U.S. equity futures are currently down sharply in overseas trading, indicating a very bad opening come Monday morning. But I believe that because the Treasury and the

Federal Reserve

are letting Lehman fail, its interconnectedness with other firms in terms of counterparty risk must have diminished after the collapse of

Bear Stearns

. Thus, the headline risk of Lehman's bankruptcy could be far greater than the systemic risk to the financial system.

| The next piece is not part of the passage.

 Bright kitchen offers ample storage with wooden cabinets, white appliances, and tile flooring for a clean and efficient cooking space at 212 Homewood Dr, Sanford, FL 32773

The Fed's dealer liquidity window, which was Ben Bernanke's creation after Bear Stearns collapsed, has likely kept Lehman on life support for some time, but again, the Fed's decision to let Lehman go belly up indicates that the central bank didn't perceive that there would be too bad of a ripple effect from a Lehman collapse. Otherwise, the Fed would have felt forced to backstop a buyer for Lehman. (While critics decry the use of public funds for any bailout, the Fed

has

to act if there is "systemic" financial system risk.)

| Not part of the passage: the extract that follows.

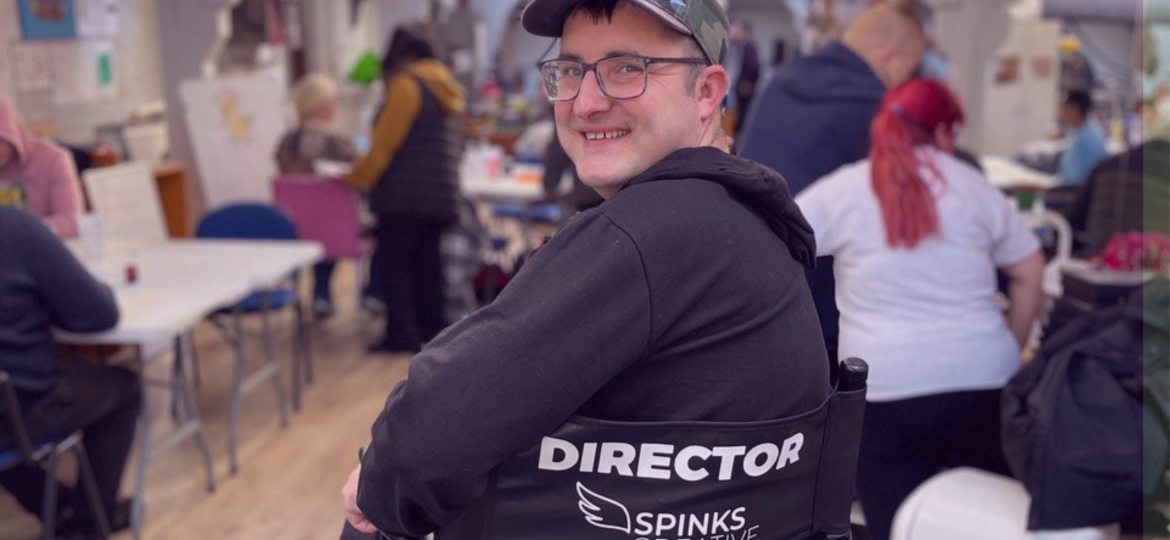 A photograph of a man on a Spinks Creative Directors Chair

The July 15 (and 2008) low for the

S&P 500

is 1200. On Friday, the S&P 500 closed at a gain for the week, at 1251, thus the S&P 500 is still between the March 17 and July 15 lows. We added a short position when the S&P 500 fell below 1256.98, and there is a good chance we will retest the lows of July 15, but the market continues to hang in despite the headline risk.

Monday morning will be interesting.

Following is an article Jim Cramer posted on

RealMoney.com

Sunday afternoon. As successful as Jim is, he still works pretty hard keeping readers informed on actionable events. I disagree with his statement that Lehman was the worst of the mortgage buyers: Bear Stearns gets that nod, although the speed of Bear's collapse had a lot to do with how it was financed (i.e., funded).

No Barclays Bid?

By Jim Cramer

Now that we know

there is no Barclays bid

, should we just presume no bid? Sure seems that way. Without a buyer of

Lehman Brothers

(LEH)

we will have chaos and dislocation, and whatever firms have provided financing to Lehman will have to take hits larger than they possibly can, and we will see what happens when a major

owner

of mortgages goes under.

Lehman owns hard-to-value assets and it borrows a lot of money to finance that inventory. We don't know who is lending to it, but theoretically, the

Federal Reserve

could lend the new entity the money it needs for a disorderly -- not

orderly

-- liquidation. (You would only get an orderly one with a real buyer.)

Obviously anyone owning mortgages takes a hit tomorrow with no buyer for Lehman. But how big a hit?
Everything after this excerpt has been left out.